» **Your goal**: Would you transcribe only the lines below, from the one containing "Motorbike speedometer Stock Photo" through the end of the material, exactly and with no pictures?

» **Entries supplied**:

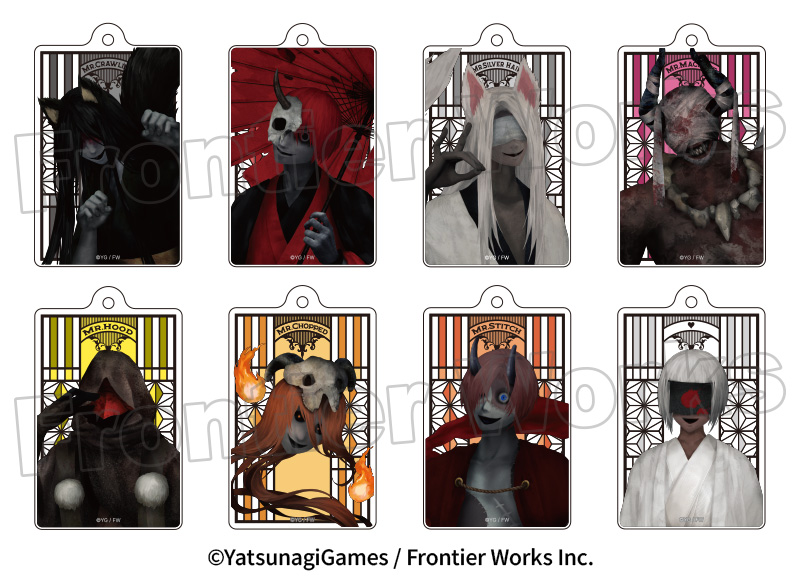 文字化化 トレーディングアクリルキーホルダー - フロンティアワークス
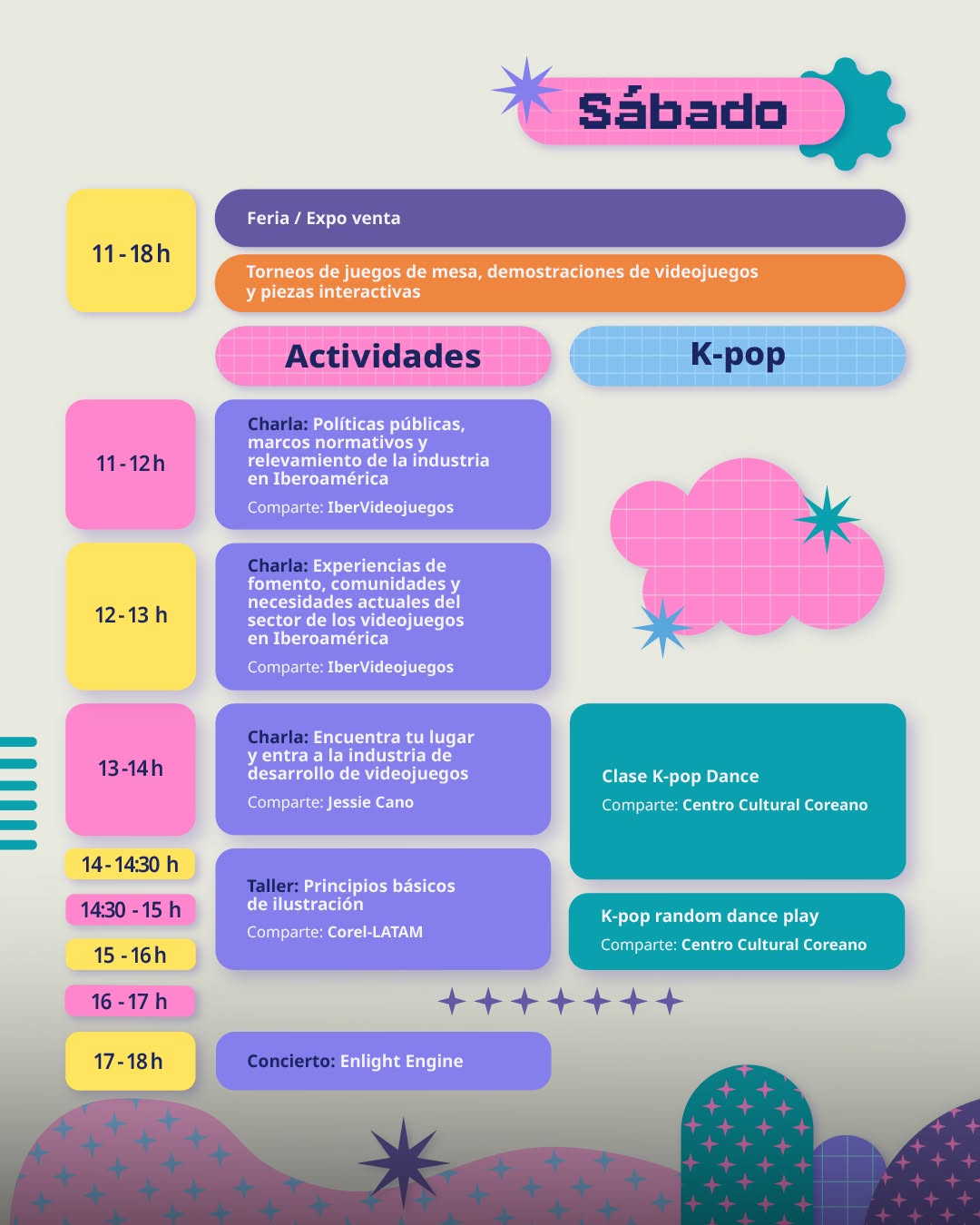 Feria Geek sábado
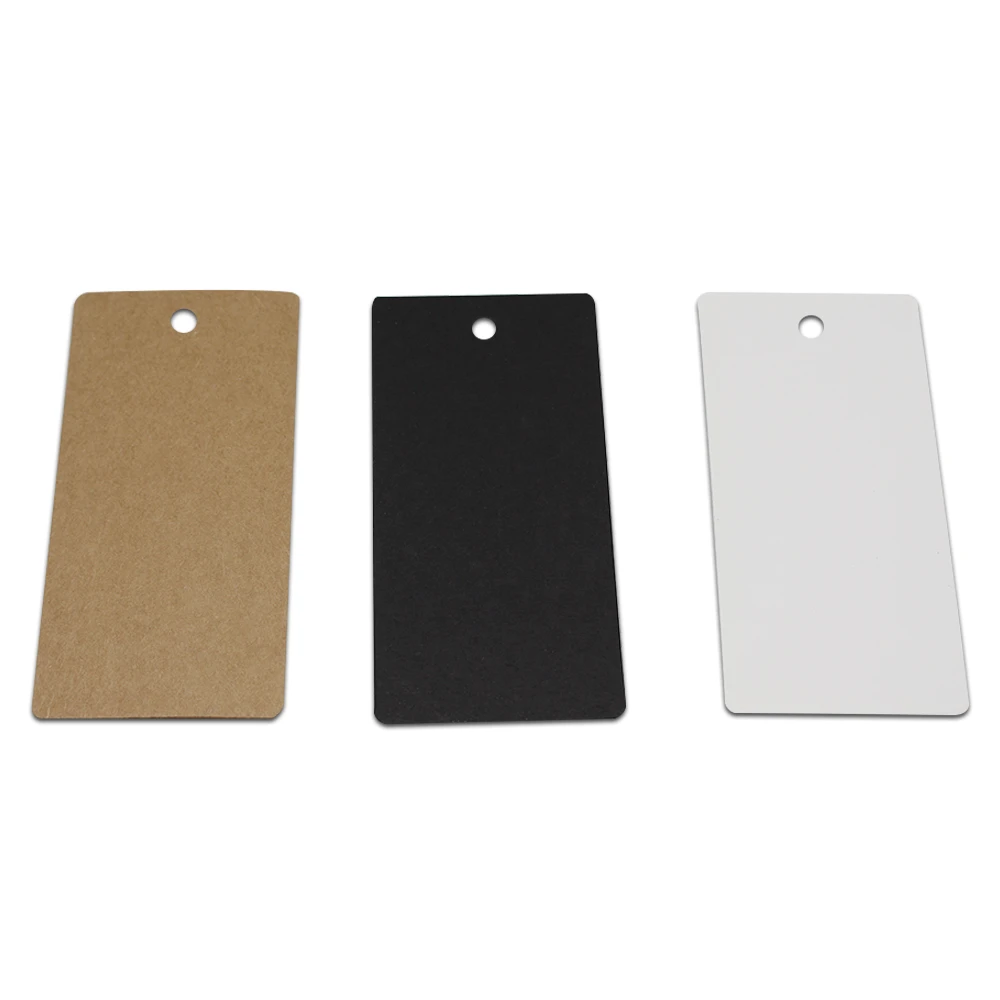 Оптовая продажа 100 шт./лот бумажная отметка новые бирки из крафт бумаги ценовая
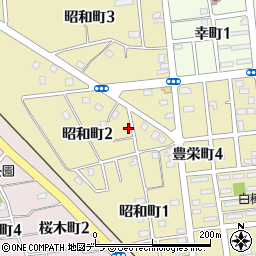 北海道赤平市昭和町2丁目54周辺の地図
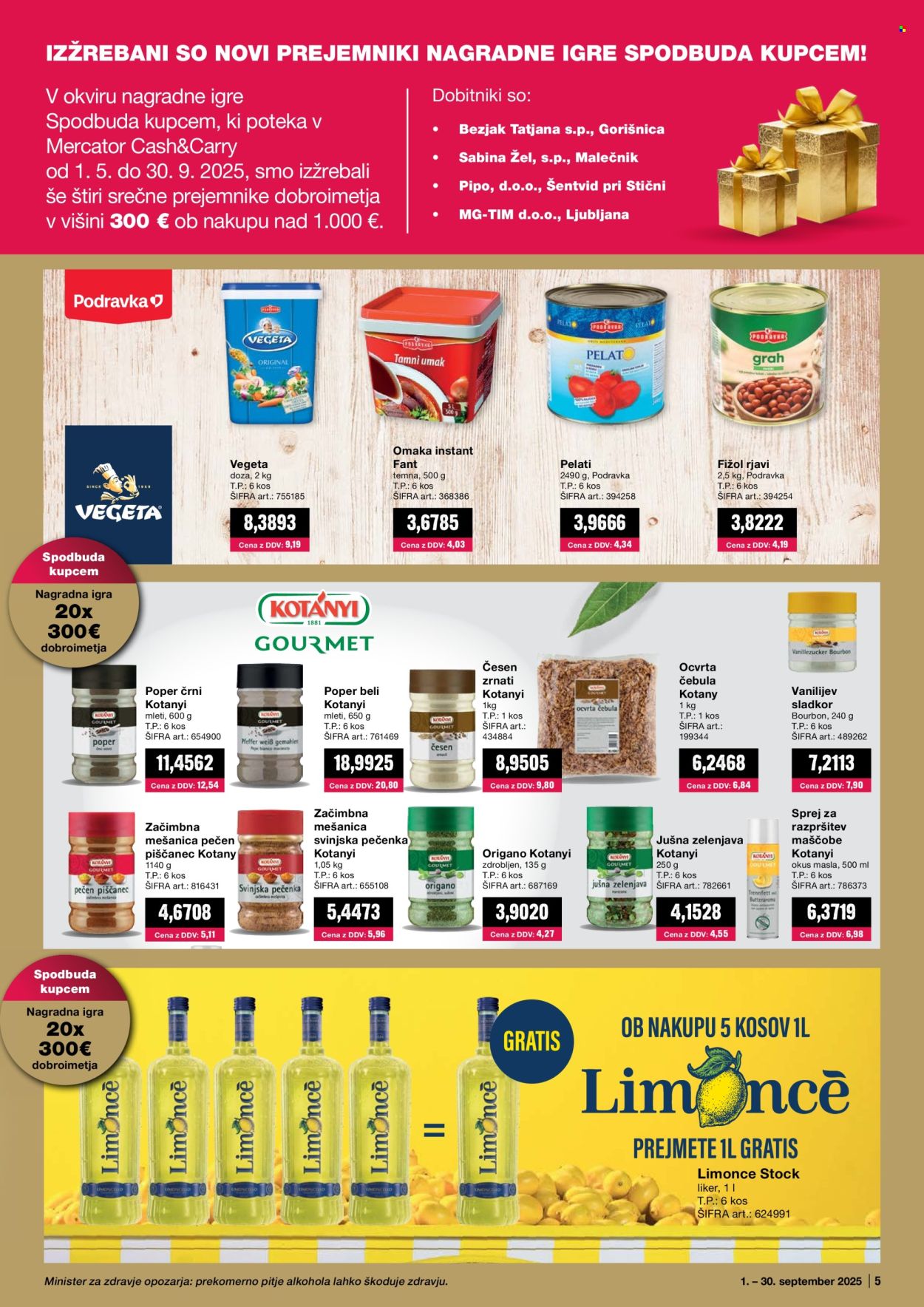 Mercator Cash & Carry katalog - 1.9.2025 - 30.9.2025. Stran 5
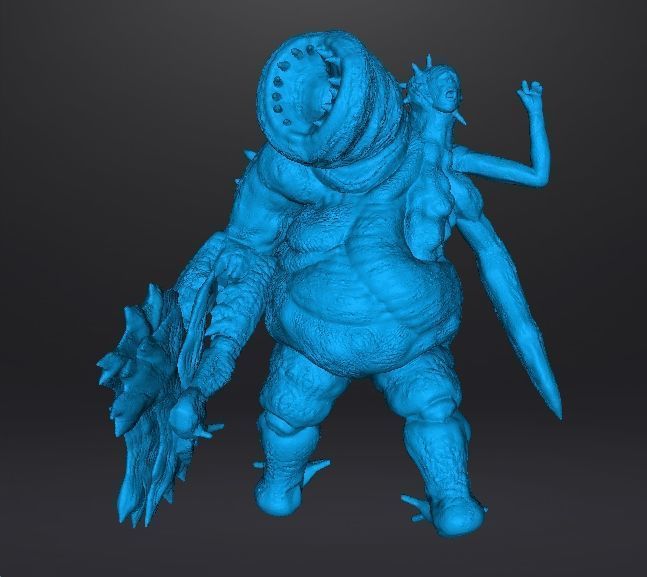 REREV SCAGDEAD MONSTER MINIATURE MODEL HORROR FANTASY GAMES RPG 3D print model_10
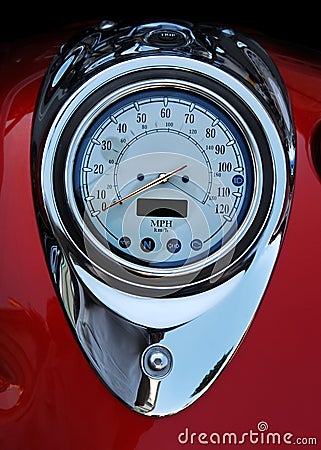 Motorbike speedometer Stock Photo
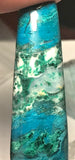 Ray Mine Chrysocolla Malachite Agate Cabochon  35 carats - radiantrocksct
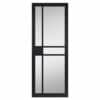 JB Kind City Black Clear Glass Internal Door - 1981mm-x-610mm-x-35mm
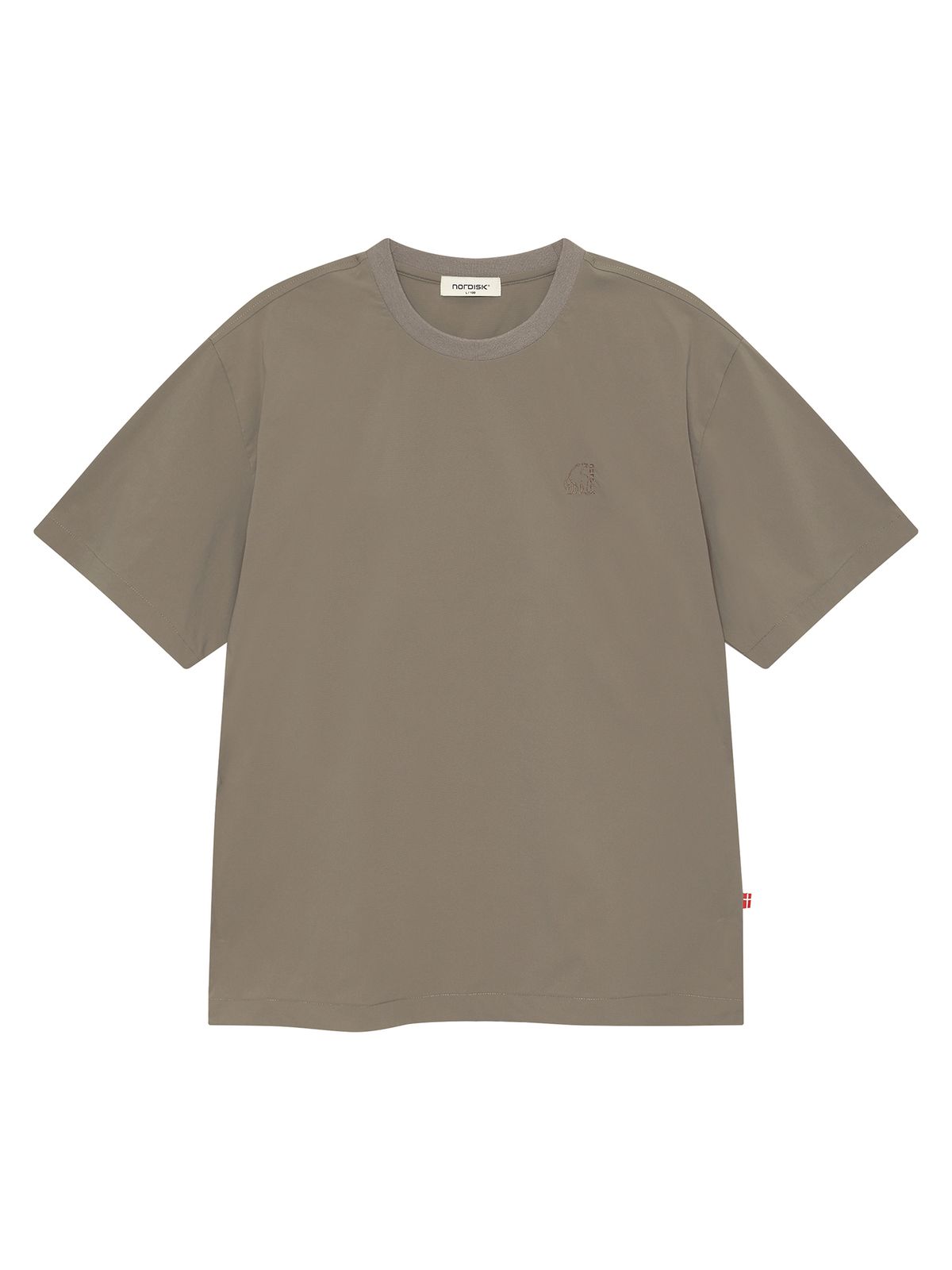 노르디스크(NORDISK) 휘게쿨 light 그래픽 라운드 반팔 티셔츠 - U_Beige BROWN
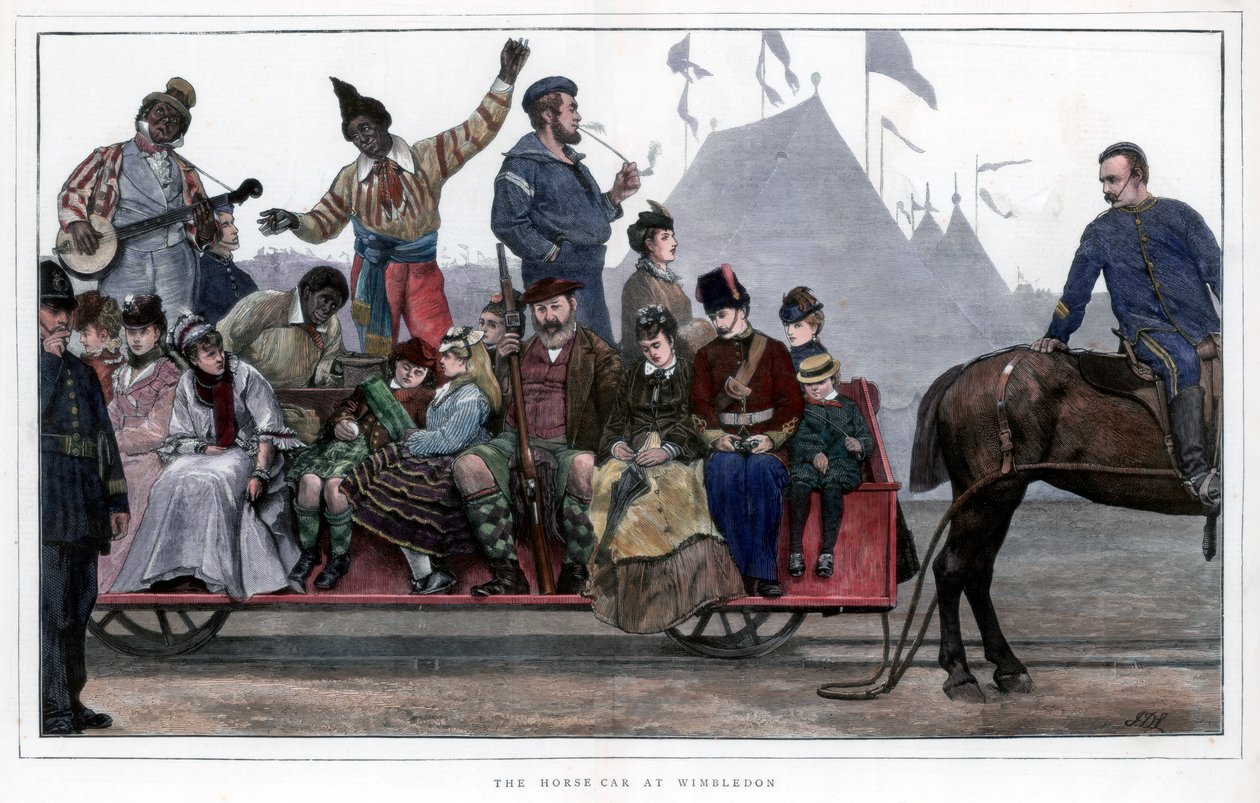 Il carro dei cavalli a Wimbledon, 1872 da Unbekannt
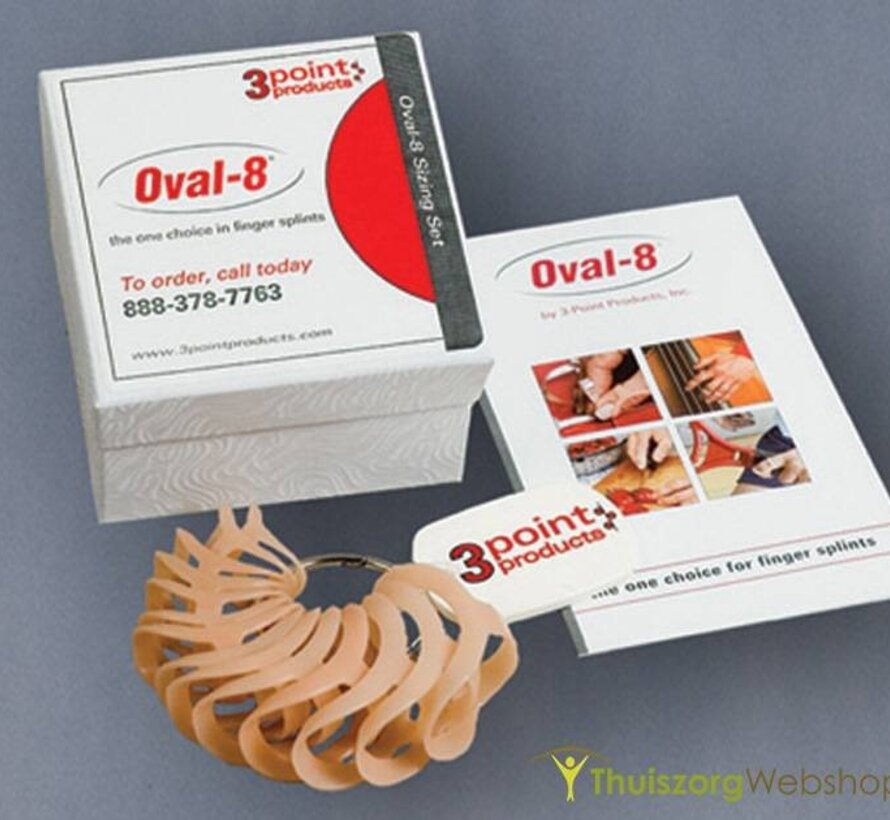 Vingerspalk Oval 8 splint - Setje van 3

» **Output of the exercise**:
 Motorbike speedometer Stock Photo
 Ray Mine Chrysocolla Malachite Agate Cabochon  35 carats - radiantrocksct
 JB Kind City Black Clear Glass Internal Door - 1981mm-x-610mm-x-35mm
 노르디스크(NORDISK) 휘게쿨 light 그래픽 라운드 반팔 티셔츠 - U_Beige BROWN
 Il carro dei cavalli a Wimbledon, 1872 da Unbekannt
 Vingerspalk Oval 8 splint - Setje van 3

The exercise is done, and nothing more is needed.